Have you ever heard the term, "I googled him and found out..."? I think it was in a New York Times article about two people on a first date, and it turned out that each had already "googled" the other. It was a lightweight piece, and Google loved the publicity.
Name searches are powerful on Google if you know how to search, particularly when the name is not so common. I think this is one of the more significant contributions search engines have made to our society. For investigative journalists, Google is the first port-of-call. Over 95 percent of my Google referrals are zeroing in on a specific name, so I try to optimize that page (one page per name) for the name itself.

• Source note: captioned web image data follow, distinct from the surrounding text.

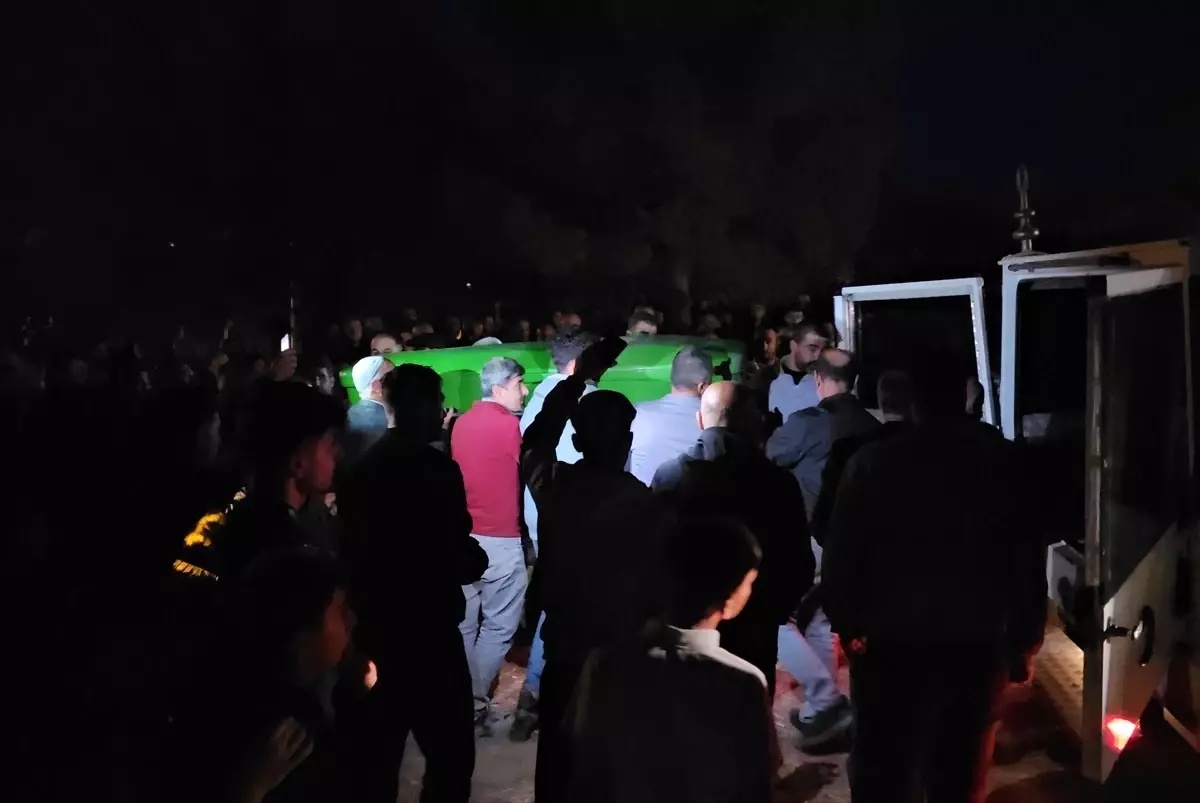 Siirt'te Aile İçinde Kanlı Olay: Hamile Kadın ve Amca Öldürüldü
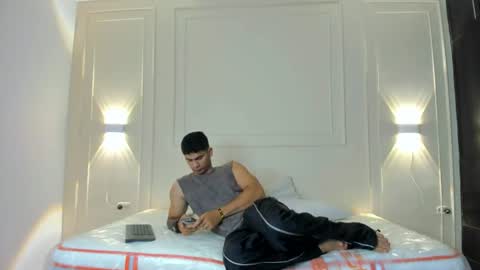 Snapshot of andres_stud chatting on 22, 6, 2026 andres_stud online show from 22, 6, 2026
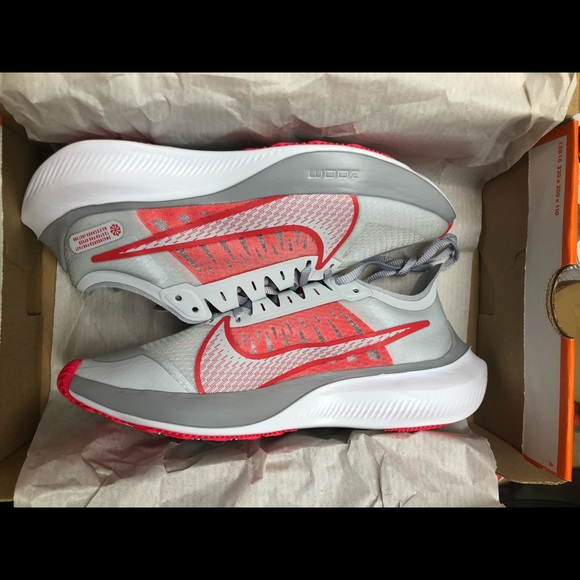 Nike Zoom Gravity Grey Red White Womens Running Sh - Picture 6 of 16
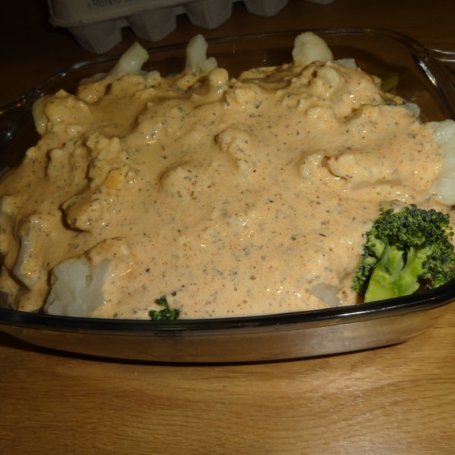 Krok 6 - Zapiekanka z kurczakiem brokułem i kalafiorem foto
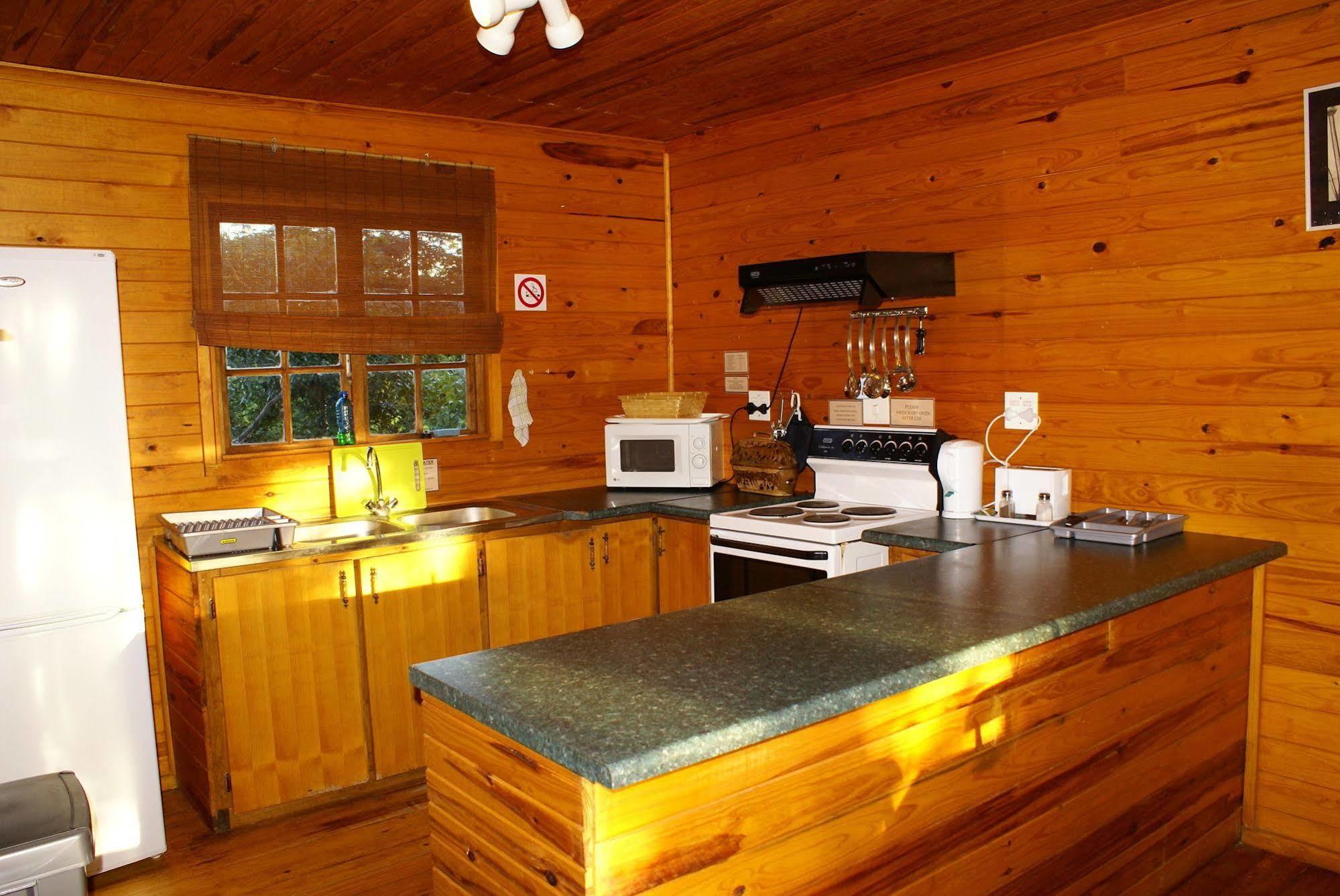 Isinkwe Backpackers Bushcamp Hotel Hluhluwe Exterior foto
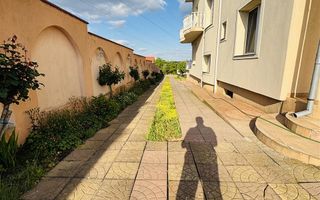 VILA CU 14 CAMERE SI 3405 MP TEREN IN SANMARTIN - Poză 2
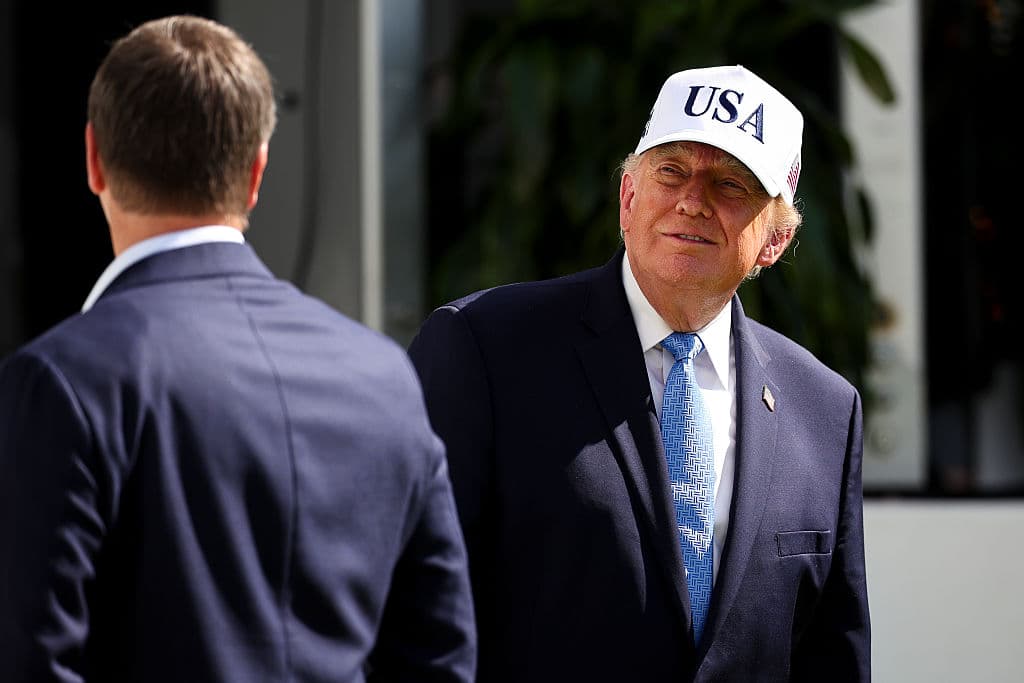 La seguridad fue estricta. El Servicio Secreto no permitió que los espectadores cruzaran de un lado a otro de la primera calle, excepto cuando Trump interrumpió su saludo para entrar a una suite.
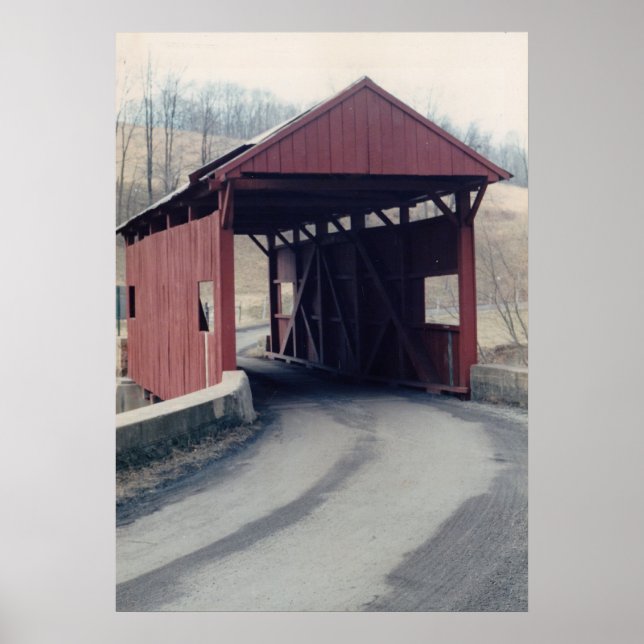 Red Covered Bridge Poster (Framsidan)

Google has even bragged about their ability in this respect. I believe it was Sergey who said that the first thing any employer might want to do when looking at a promising resume, is to "google" the person.
Google becomes a verb, as happened many years ago with Xerox, as in "I'll xerox a copy for you." This is like living in heaven for any public relations department in an aggressive company.
It seems to me that Doofus has the point correct. His point, if I may re-state it, is that Google's method of determining what pages to crawl and index is counter to their goal of indexing all quality relevant content because it sometimes causes large sites with good content to be under-indexed. To me, this seems to be a good and interesting point.
You countered with assertions that large sites should not be indexed simply because they have lots of pages. And your posts carry a strong suggestion that you think that any site having a large number of pages must be spam. That, it seems to me, misses the point.
I think the suggestion that any site with many pages must be spam is a very wrong and ill conceived.
Google and the search public both benefit from an algorithm that indexes all quality and relevant content, irrespective of it comes from a large or small site.
For the moment, this does not seem to be the case.
If you were Google, how would you choose what to spider frequently and index deeply and what not? Does choosing for higher pagerank plus new unindexed sites not make sense?